(Supplied material)
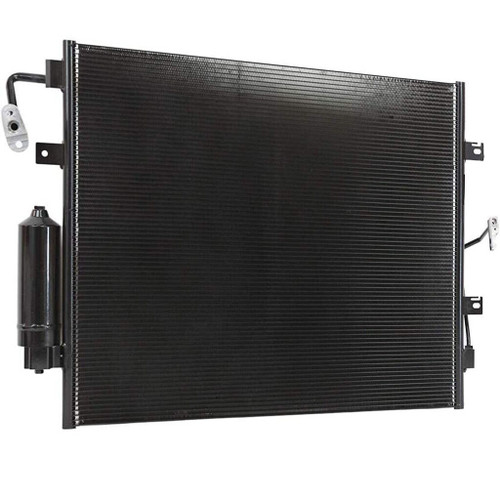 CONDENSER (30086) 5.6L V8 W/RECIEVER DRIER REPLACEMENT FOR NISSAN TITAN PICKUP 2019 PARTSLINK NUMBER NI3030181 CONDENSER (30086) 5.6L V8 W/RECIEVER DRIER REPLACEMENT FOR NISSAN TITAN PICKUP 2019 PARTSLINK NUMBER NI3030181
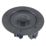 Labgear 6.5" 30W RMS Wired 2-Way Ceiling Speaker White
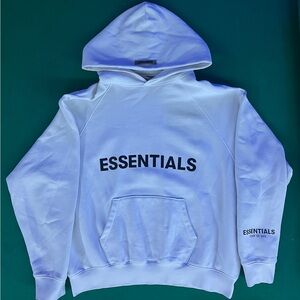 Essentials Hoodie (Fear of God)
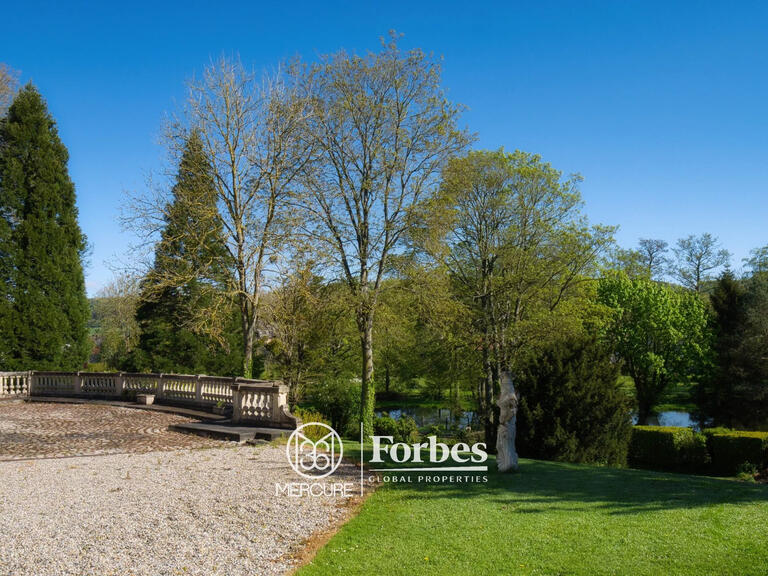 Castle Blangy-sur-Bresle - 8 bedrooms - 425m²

---

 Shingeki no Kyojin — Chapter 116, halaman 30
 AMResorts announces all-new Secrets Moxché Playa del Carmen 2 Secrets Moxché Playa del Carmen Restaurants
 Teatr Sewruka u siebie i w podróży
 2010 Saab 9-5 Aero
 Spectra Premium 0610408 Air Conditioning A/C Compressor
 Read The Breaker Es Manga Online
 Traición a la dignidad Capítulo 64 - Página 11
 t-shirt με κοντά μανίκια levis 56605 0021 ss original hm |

--

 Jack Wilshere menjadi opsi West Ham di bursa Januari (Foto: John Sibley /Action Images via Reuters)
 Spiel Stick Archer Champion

(Problem statement)
From the line that has "Spectra Premium 0610408" through the line that has "t-shirt με κοντά", copy every line exactly as it appears above, and leave out all others.

(Result of this exercise)
 Spectra Premium 0610408 Air Conditioning A/C Compressor
 Read The Breaker Es Manga Online
 Traición a la dignidad Capítulo 64 - Página 11
 t-shirt με κοντά μανίκια levis 56605 0021 ss original hm |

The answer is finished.